The most recent survey of college career centers by the National Association of Colleges and Educators makes it pretty clear that the more students engage with their college’s career center, the more likely they are to gain employment. Twenty-six percent of college seniors who often used their center found a job, compared with 19 percent overall.
It is less clear that these centers are able to directly connect students with jobs on any kind of consistent basis. And common sense tells us that students who utilize the career center are likely to be more actively pursuing a job than the average student.
But, at least according to many career center staffers, it may be helpful to work in the reverse. They may not be able to find you a job, but they can better prepare you if you do show up.
“We don’t use carrots or sticks to get you to come in,” says Vicky Sawyer, a career counselor at Washington College in Maryland. “A good counselor follows your lead. But I can walk you through the fear factor.”

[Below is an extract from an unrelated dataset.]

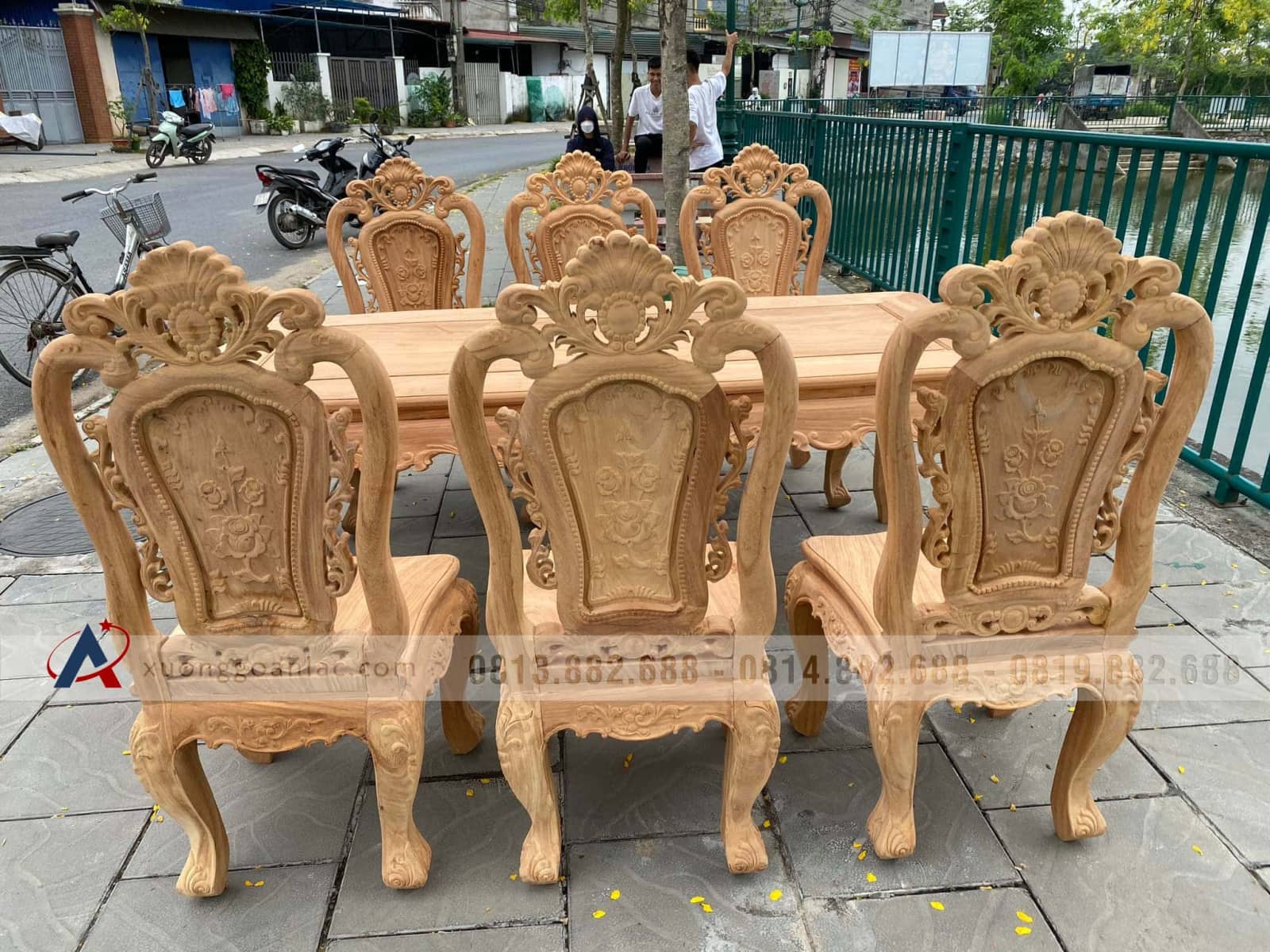 Bộ bàn ăn hoàng gia 6 ghế hoa hồng gỗ gõ đỏ (Anh Hồng, Bắc Giang) 24 bàn ghế ăn louis hoa hồng hàng vip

Sawyer says she meets with students for at minimum 30 minutes per session (a good standard to hold your college center to). She also does some very simple things that “the fear factor” can prevent students from doing on their own, such as basic searches of the Bureau of Labor Statistics website (an excellent resource for students). But even though students can do much of this research on their own, her goal is to create a dialogue, and most career center staffers agree this is the key objective.
“It takes practice to articulate what you’re good at,” says Sawyer. “You can only get so far thinking this stuff through on your own.”